Description of the task. Only the lines below starting at the one containing "Metal Gear Solid" and ending at the one containing "Mostradores diseñador por" belong in the answer, each copied exactly.

▬▬▬

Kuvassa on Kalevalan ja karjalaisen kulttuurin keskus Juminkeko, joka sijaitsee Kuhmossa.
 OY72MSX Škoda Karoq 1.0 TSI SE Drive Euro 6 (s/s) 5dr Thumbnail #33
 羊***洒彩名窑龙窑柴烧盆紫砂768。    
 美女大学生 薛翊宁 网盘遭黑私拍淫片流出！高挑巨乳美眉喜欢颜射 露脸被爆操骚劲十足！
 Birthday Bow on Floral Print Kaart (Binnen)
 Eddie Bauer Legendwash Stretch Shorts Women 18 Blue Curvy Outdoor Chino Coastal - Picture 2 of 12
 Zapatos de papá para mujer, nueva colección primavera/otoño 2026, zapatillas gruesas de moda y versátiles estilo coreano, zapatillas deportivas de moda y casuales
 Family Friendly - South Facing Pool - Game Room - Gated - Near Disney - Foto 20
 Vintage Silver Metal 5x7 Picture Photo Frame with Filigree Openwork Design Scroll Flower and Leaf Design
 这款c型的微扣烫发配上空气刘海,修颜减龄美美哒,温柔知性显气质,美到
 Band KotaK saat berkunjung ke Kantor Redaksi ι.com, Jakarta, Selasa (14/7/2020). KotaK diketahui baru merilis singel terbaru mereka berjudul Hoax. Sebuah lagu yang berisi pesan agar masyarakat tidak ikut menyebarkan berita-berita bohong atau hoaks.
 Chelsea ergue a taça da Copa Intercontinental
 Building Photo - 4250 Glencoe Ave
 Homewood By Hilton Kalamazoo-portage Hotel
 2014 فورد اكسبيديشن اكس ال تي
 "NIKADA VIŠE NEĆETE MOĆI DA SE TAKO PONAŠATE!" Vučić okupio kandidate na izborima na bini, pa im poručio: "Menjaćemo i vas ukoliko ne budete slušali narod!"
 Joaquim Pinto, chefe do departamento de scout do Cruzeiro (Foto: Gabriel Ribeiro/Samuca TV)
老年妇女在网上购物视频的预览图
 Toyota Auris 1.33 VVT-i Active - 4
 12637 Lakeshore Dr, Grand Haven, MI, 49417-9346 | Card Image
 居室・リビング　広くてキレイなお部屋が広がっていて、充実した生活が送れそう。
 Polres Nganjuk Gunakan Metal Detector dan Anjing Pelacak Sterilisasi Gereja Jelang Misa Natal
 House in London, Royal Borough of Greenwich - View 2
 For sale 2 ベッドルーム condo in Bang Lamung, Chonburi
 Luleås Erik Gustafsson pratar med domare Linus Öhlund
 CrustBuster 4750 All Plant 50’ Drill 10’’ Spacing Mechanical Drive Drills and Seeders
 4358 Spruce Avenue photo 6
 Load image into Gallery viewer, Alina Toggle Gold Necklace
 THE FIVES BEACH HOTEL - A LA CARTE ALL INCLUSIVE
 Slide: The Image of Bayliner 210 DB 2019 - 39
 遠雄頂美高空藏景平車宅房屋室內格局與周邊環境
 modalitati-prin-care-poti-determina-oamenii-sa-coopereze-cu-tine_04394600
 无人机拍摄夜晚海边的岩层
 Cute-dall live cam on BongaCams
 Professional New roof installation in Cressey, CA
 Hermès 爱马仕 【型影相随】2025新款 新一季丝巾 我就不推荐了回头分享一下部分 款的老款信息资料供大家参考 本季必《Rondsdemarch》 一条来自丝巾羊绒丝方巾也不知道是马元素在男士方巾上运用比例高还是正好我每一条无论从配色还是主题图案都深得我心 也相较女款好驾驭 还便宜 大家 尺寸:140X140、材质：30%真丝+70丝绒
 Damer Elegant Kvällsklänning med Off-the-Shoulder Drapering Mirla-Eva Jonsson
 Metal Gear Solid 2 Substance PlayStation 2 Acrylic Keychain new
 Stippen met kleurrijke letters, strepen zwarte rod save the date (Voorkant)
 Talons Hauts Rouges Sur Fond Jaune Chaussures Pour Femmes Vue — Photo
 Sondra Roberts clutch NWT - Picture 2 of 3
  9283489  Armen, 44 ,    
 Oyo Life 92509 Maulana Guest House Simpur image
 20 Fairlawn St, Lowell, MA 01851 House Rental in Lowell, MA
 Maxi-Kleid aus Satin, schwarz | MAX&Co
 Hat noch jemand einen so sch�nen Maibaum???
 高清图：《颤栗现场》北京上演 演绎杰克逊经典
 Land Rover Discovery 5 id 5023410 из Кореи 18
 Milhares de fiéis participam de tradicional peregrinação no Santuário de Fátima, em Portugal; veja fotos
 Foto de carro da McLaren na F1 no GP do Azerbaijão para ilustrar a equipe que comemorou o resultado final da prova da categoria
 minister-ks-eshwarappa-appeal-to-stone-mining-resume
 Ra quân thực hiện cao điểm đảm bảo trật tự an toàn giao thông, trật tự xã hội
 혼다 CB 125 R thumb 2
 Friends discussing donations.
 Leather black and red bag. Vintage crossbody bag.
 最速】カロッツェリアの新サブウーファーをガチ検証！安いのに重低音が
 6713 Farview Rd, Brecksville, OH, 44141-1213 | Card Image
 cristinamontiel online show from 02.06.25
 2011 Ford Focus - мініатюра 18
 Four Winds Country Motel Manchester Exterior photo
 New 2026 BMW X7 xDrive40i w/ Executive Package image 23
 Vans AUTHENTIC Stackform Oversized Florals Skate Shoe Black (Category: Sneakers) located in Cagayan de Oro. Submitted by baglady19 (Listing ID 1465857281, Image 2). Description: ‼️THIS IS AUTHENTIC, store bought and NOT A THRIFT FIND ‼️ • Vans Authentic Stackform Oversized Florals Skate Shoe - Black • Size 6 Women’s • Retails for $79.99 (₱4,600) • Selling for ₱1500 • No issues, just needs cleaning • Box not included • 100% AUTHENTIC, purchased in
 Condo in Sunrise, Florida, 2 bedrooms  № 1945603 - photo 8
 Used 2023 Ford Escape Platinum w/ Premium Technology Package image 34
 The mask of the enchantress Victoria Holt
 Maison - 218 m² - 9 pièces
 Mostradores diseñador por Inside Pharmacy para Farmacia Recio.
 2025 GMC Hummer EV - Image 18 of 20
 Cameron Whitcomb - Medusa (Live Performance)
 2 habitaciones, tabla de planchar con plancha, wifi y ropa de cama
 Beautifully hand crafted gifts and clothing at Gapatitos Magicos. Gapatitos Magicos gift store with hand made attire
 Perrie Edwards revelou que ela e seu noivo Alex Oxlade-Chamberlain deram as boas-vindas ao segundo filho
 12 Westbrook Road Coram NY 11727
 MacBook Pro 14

▬▬▬

Response.
 Metal Gear Solid 2 Substance PlayStation 2 Acrylic Keychain new
 Stippen met kleurrijke letters, strepen zwarte rod save the date (Voorkant)
 Talons Hauts Rouges Sur Fond Jaune Chaussures Pour Femmes Vue — Photo
 Sondra Roberts clutch NWT - Picture 2 of 3
  9283489  Armen, 44 ,    
 Oyo Life 92509 Maulana Guest House Simpur image
 20 Fairlawn St, Lowell, MA 01851 House Rental in Lowell, MA
 Maxi-Kleid aus Satin, schwarz | MAX&Co
 Hat noch jemand einen so sch�nen Maibaum???
 高清图：《颤栗现场》北京上演 演绎杰克逊经典
 Land Rover Discovery 5 id 5023410 из Кореи 18
 Milhares de fiéis participam de tradicional peregrinação no Santuário de Fátima, em Portugal; veja fotos
 Foto de carro da McLaren na F1 no GP do Azerbaijão para ilustrar a equipe que comemorou o resultado final da prova da categoria
 minister-ks-eshwarappa-appeal-to-stone-mining-resume
 Ra quân thực hiện cao điểm đảm bảo trật tự an toàn giao thông, trật tự xã hội
 혼다 CB 125 R thumb 2
 Friends discussing donations.
 Leather black and red bag. Vintage crossbody bag.
 最速】カロッツェリアの新サブウーファーをガチ検証！安いのに重低音が
 6713 Farview Rd, Brecksville, OH, 44141-1213 | Card Image
 cristinamontiel online show from 02.06.25
 2011 Ford Focus - мініатюра 18
 Four Winds Country Motel Manchester Exterior photo
 New 2026 BMW X7 xDrive40i w/ Executive Package image 23
 Vans AUTHENTIC Stackform Oversized Florals Skate Shoe Black (Category: Sneakers) located in Cagayan de Oro. Submitted by baglady19 (Listing ID 1465857281, Image 2). Description: ‼️THIS IS AUTHENTIC, store bought and NOT A THRIFT FIND ‼️ • Vans Authentic Stackform Oversized Florals Skate Shoe - Black • Size 6 Women’s • Retails for $79.99 (₱4,600) • Selling for ₱1500 • No issues, just needs cleaning • Box not included • 100% AUTHENTIC, purchased in
 Condo in Sunrise, Florida, 2 bedrooms  № 1945603 - photo 8
 Used 2023 Ford Escape Platinum w/ Premium Technology Package image 34
 The mask of the enchantress Victoria Holt
 Maison - 218 m² - 9 pièces
 Mostradores diseñador por Inside Pharmacy para Farmacia Recio.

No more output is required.